• [Your goal] Exactly the lines from the one with "bathroom featuring shower" through the end of the records below are needed, minus any pictures.
• • • • • • •
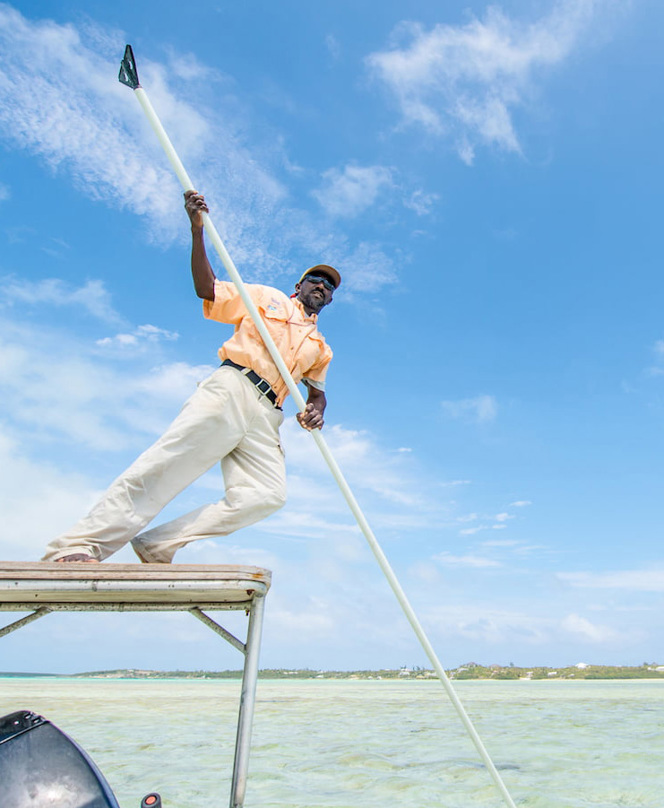 A bonefishing guide poles a skiff in the Bahamas.
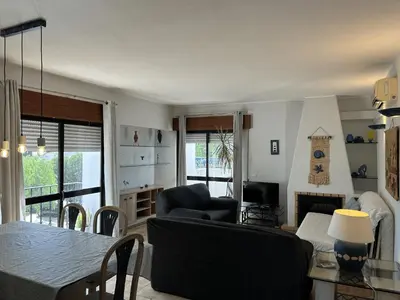 a living room with a couch and a chair and a television at Apartamento A11 - 800m da praia in Albufeira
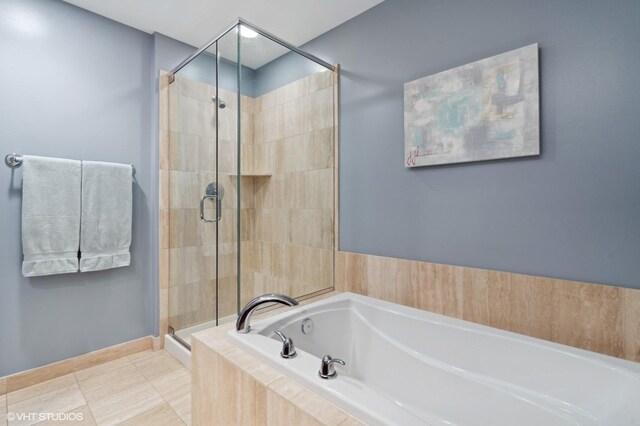 bathroom featuring shower with separate bathtub and tile patterned floors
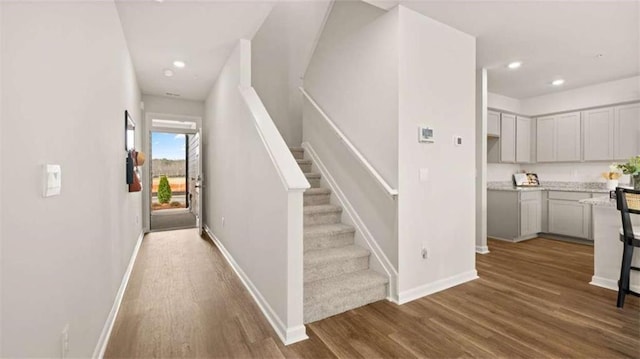 321 Sound Cir, Stockbridge, GA 30281 - stairway with wood finished floors and recessed lighting
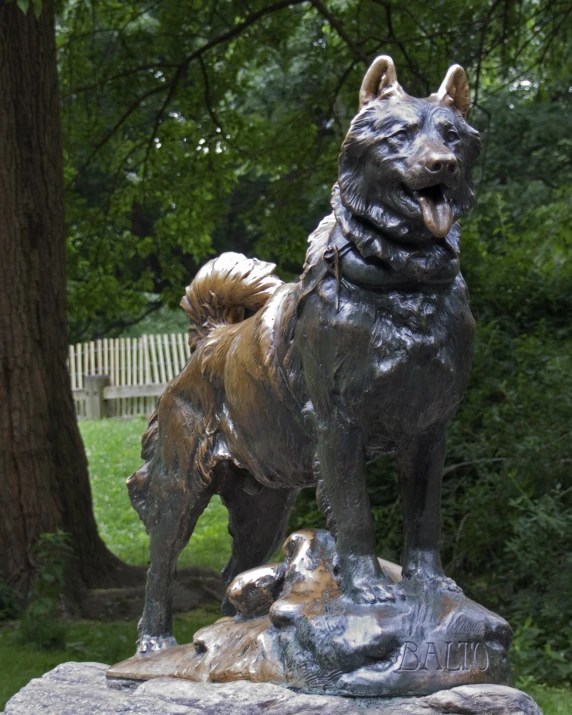 a statue of a dog on a rock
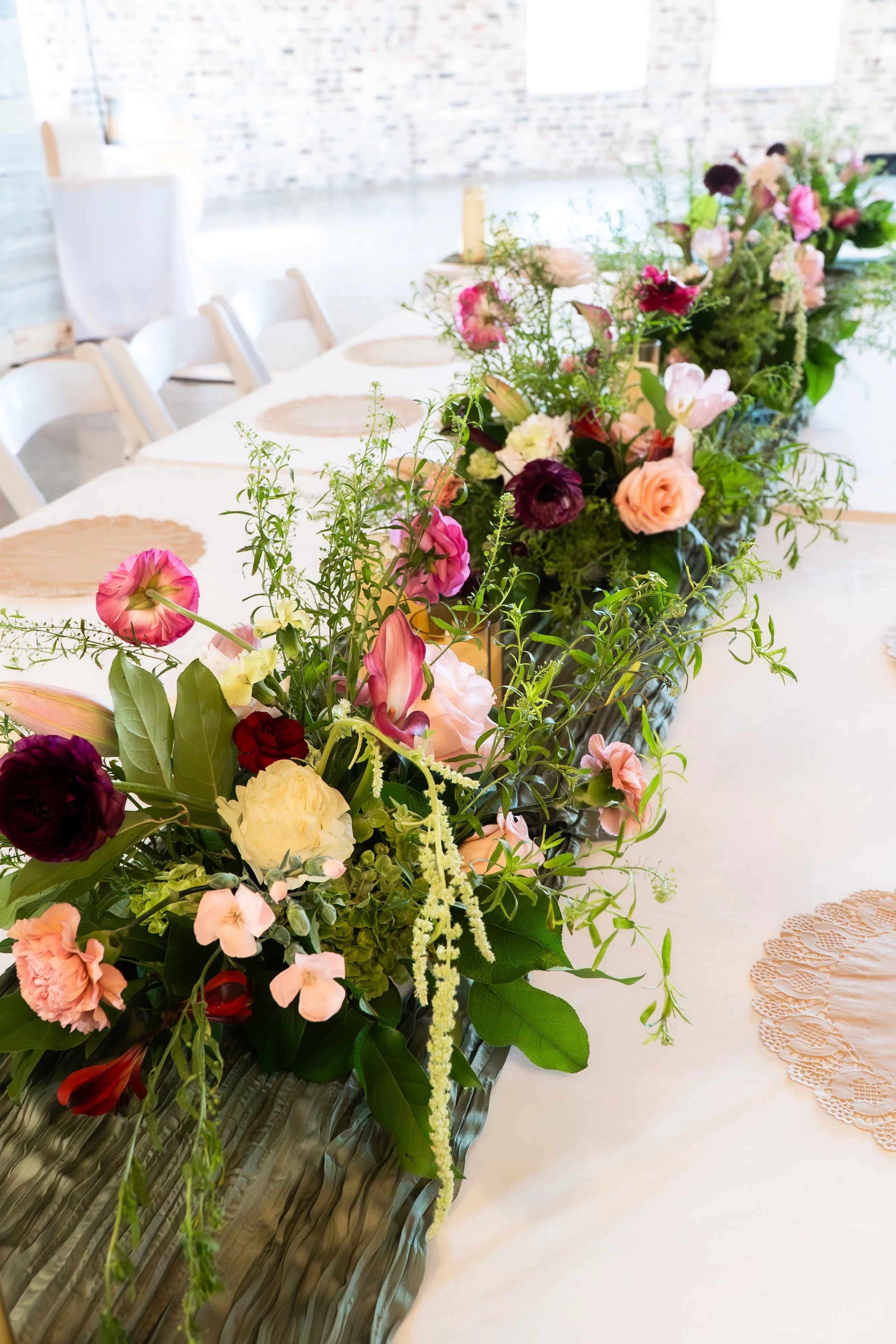 A long table decorated with a floral centerpiece with pink, purple, white, and peach flowers, and paper placemats with doilies in a bright indoor space.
• • • • • • •
• [Your response]
 bathroom featuring shower with separate bathtub and tile patterned floors
 321 Sound Cir, Stockbridge, GA 30281 - stairway with wood finished floors and recessed lighting
 a statue of a dog on a rock
 A long table decorated with a floral centerpiece with pink, purple, white, and peach flowers, and paper placemats with doilies in a bright indoor space.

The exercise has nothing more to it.